## EXERCISE
Please go through the records below and return every line holding the word "your".

## SUPPLIED DATA
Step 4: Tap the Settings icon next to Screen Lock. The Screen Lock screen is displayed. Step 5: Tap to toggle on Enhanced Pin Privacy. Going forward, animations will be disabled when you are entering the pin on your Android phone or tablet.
==
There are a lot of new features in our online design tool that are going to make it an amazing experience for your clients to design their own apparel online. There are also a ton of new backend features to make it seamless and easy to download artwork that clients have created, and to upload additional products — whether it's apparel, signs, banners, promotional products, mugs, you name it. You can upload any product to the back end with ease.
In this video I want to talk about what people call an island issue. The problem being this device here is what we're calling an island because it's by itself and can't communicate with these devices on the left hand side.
...
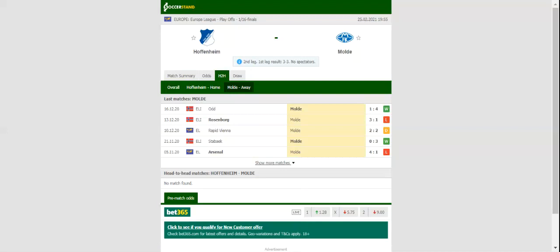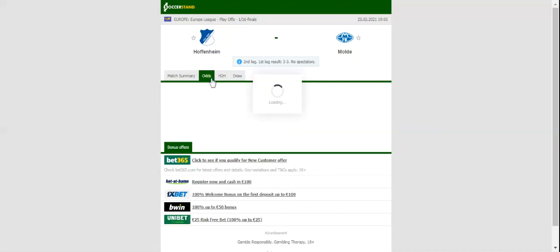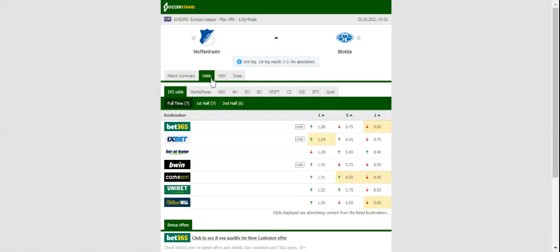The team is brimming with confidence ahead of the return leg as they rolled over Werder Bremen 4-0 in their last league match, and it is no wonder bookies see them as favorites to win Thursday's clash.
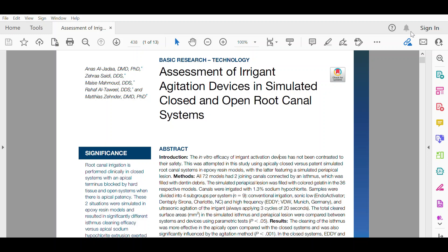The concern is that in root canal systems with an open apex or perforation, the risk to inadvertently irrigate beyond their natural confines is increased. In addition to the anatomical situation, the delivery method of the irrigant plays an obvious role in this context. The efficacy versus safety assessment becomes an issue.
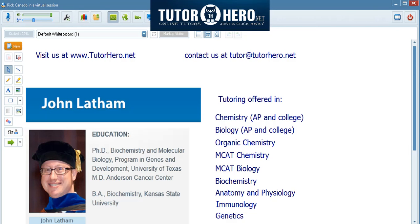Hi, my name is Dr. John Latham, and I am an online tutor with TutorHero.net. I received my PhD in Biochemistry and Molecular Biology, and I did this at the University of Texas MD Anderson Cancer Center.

## EXPECTED ANSWER
Step 4: Tap the Settings icon next to Screen Lock. The Screen Lock screen is displayed. Step 5: Tap to toggle on Enhanced Pin Privacy. Going forward, animations will be disabled when you are entering the pin on your Android phone or tablet.
There are a lot of new features in our online design tool that are going to make it an amazing experience for your clients to design their own apparel online. There are also a ton of new backend features to make it seamless and easy to download artwork that clients have created, and to upload additional products — whether it's apparel, signs, banners, promotional products, mugs, you name it. You can upload any product to the back end with ease.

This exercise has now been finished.